> [WHAT YOU SHOULD DO] Can you transcribe the data exactly? Leave the pictures out.

> [PROVIDED DATA]

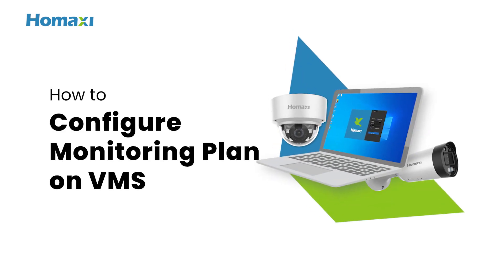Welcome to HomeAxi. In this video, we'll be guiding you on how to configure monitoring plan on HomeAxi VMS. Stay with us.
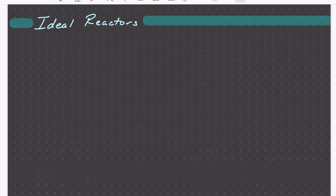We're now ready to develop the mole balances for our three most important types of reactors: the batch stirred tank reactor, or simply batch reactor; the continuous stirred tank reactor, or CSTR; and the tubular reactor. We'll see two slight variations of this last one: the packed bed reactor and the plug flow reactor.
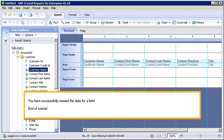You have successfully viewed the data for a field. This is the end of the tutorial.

> [YOUR RESPONSE]
Welcome to HomeAxi. In this video, we'll be guiding you on how to configure monitoring plan on HomeAxi VMS. Stay with us.
We're now ready to develop the mole balances for our three most important types of reactors: the batch stirred tank reactor, or simply batch reactor; the continuous stirred tank reactor, or CSTR; and the tubular reactor. We'll see two slight variations of this last one: the packed bed reactor and the plug flow reactor.
You have successfully viewed the data for a field. This is the end of the tutorial.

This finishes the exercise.